Rela Berkorban


"Mereka cinta kepada Allah dan Rasulullah sehingga tidak takut akan konsekuensi-konsekuensi yang akan dihadapi apabila sudah memantapkan diri untuk taat hanya kepada Allah"



Dua kata di atas seringkali kita dengar saat pidato upacara maupun saat pelajaran pendidikan pancasila kewarganegaraan. Guru mata pelajaran tersebut menjelaskan bahwa rela berkorban bisa dilakukan dengan cara mengorbankan harta, tenaga, darah, otak, maupun nyawa sekalipun juga dikorbankan untuk meraih kemerdekaan Indonesia. Rela berkorban merupakan hasil timbal balik atau umpan balik dari suatu sebab, yaitu rasa cinta pada sesuatu.

Cinta? Ya, cinta yang membuat manusia cenderung ingin memperolehnya dengan cara apapun. Bahkan mampu mengorbankan hal yang dimilikinya apabila cinta itu sulit untuk didapat. Seperti kalimat di paragraf pertama tadi.
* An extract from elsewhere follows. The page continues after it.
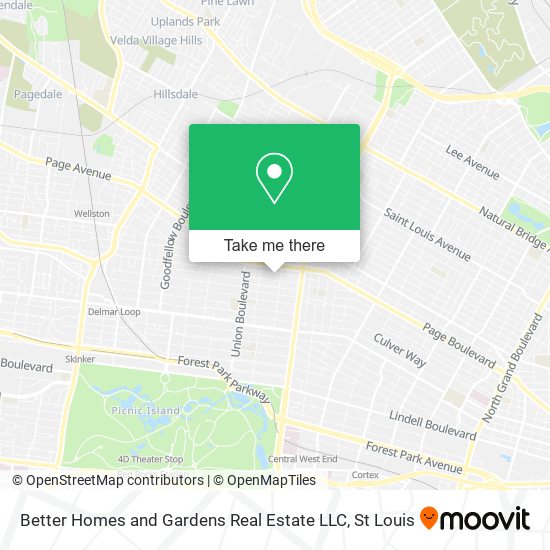 Better Homes and Gardens Real Estate LLC map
Nah, rasa cinta ini juga menghinggapi manusia-manusia tanpa pandang bulu. Seperti halnya sahabat nabi Muhammad yang rela berkorban segalanya demi mendapat cinta Allah, atau lebih tepatnya  ridha Allah. Seperti halnya Bilal bin Rabah yang disiksa dengan cara ditelentangkan di atas pasir saat siang hari, dan batu besar menindih tubuhnya sehingga mengakibatkan Bilal sesak napas. Kemudian Abu Dzar Al Ghifari yang terkenal tidak takut kepada kaum kafir Di Mekkah. Dengan lantangnya beliau meneriakkan syahadat di Masjidil Haram di tengah lingkungan kaum kuffar Mekkah. Selain itu juga ada kisah penderitaan Khabab bin Al Art yang diseret di atas bara api yang menyala-nyala. Kulit punggungnya terkelupas, hingga bara api itu padam akibat terkena serpihan lemak dan darah Khabab. Kenapa mereka diam saja  begitu disakiti seperti itu? Bisa saja mereka melawan balik, atau lebih buruknya lagi mengikuti bujukan kaum kafir untuk keluar dari agama Islam. Mereka cinta kepada Allah dan Rasulullah sehingga tidak takut akan konsekuensi-konsekuensi yang akan dihadapi apabila sudah memantapkan diri untuk taat hanya kepada Allah. Akhirnya ketaatan buah hasil dari rasa cinta para sahabat kepada Allah menghasilkan tindakan rela berkorban demi mendapatkan ridhaNya.

Sekarang kita bandingkan hasil perjuangan dan rasa rela berkorban para sahabat dengan kita. Kita tidak ada apa-apanya dibandingkan dengan para shabat nabi Muhammad. Terkadang kita masih enggan, lupa dan malas untuk melaksanakan amalan sunnah Nabi Muhammad. Pantaskah kita berperilaku seperti itu? Lantas, pantaskah kita mengaku-ngaku sebagai muslim yang cinta kepada Rasul, tetapi kita berat untuk mrlaksanakan amalan sunnah nabi? Pantaskah kita mengganti rasa cinta kepada selain dari Allah swt?
Marilah kita tanamkan kembali rasa cinta kita kepada Allah swt dan nabi Muhammad dengan cara menggapai ridhaNya. Caranya adalah dengan mengorbankan waktu luang. Gunakanlah waktu luangmu untuk mengerjakan amalan-amalam sunnah, mengikuti kajian Islam, dan jadikanlah sosok para sahabat nabi Muhammad sebagai role model kita dalam menjalani kehidupan sehari-hari. 



Rela Berkorban untuk Mendapatkan Ridha Allah Swt.